> Task prompt
Set down the data below without change, skipping the pictures it holds.

> Provided data
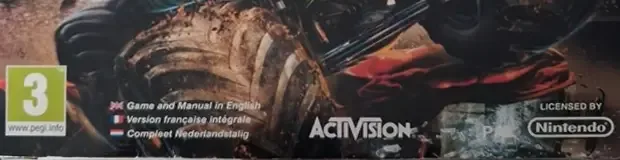 Monster Jam: Path of Destruction, the PEGI square on its front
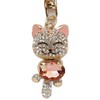 SunAge Keychain Cat Jewelry Rhinestone Cat Design Cute Key Chain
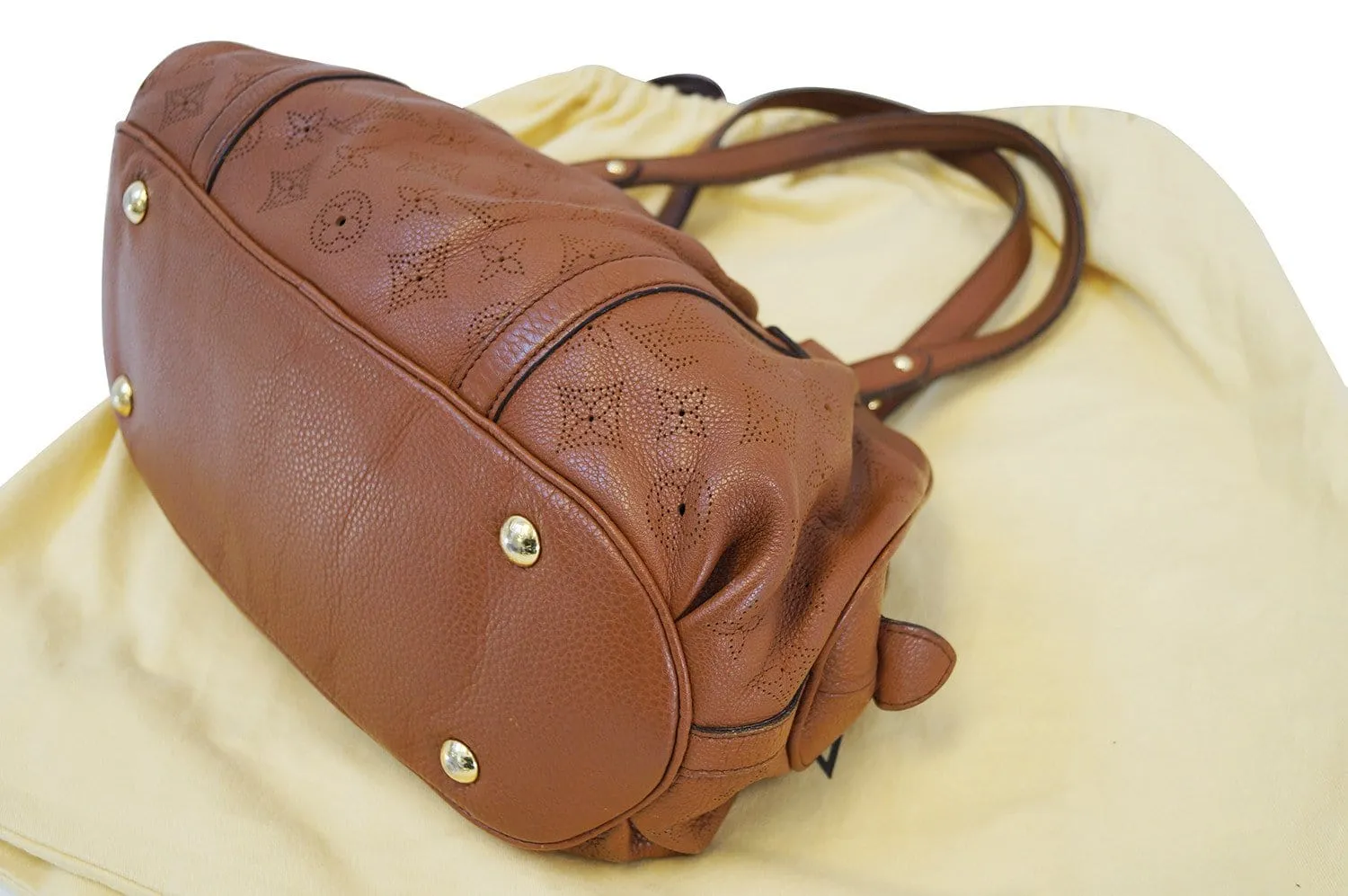 LOUIS VUITTON Monogram Mahina Lunar PM Shoulder Bag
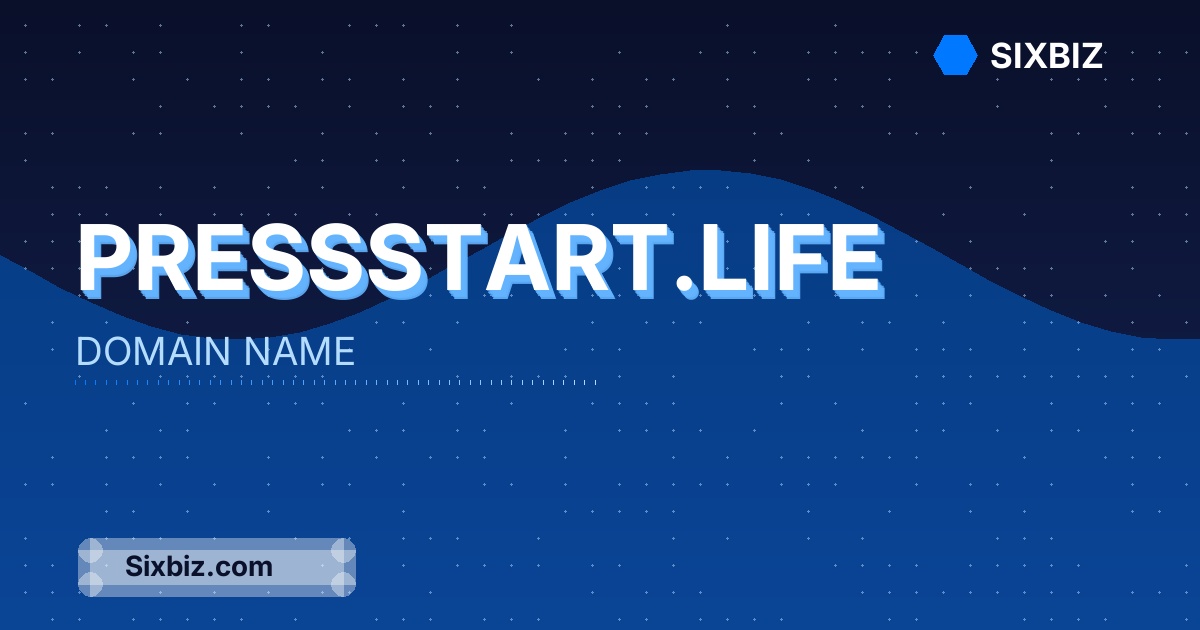 pressstart.life - Premium Domain Name For Sale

> Result of the exercise
 Monster Jam: Path of Destruction, the PEGI square on its front
 SunAge Keychain Cat Jewelry Rhinestone Cat Design Cute Key Chain
 LOUIS VUITTON Monogram Mahina Lunar PM Shoulder Bag
 pressstart.life - Premium Domain Name For Sale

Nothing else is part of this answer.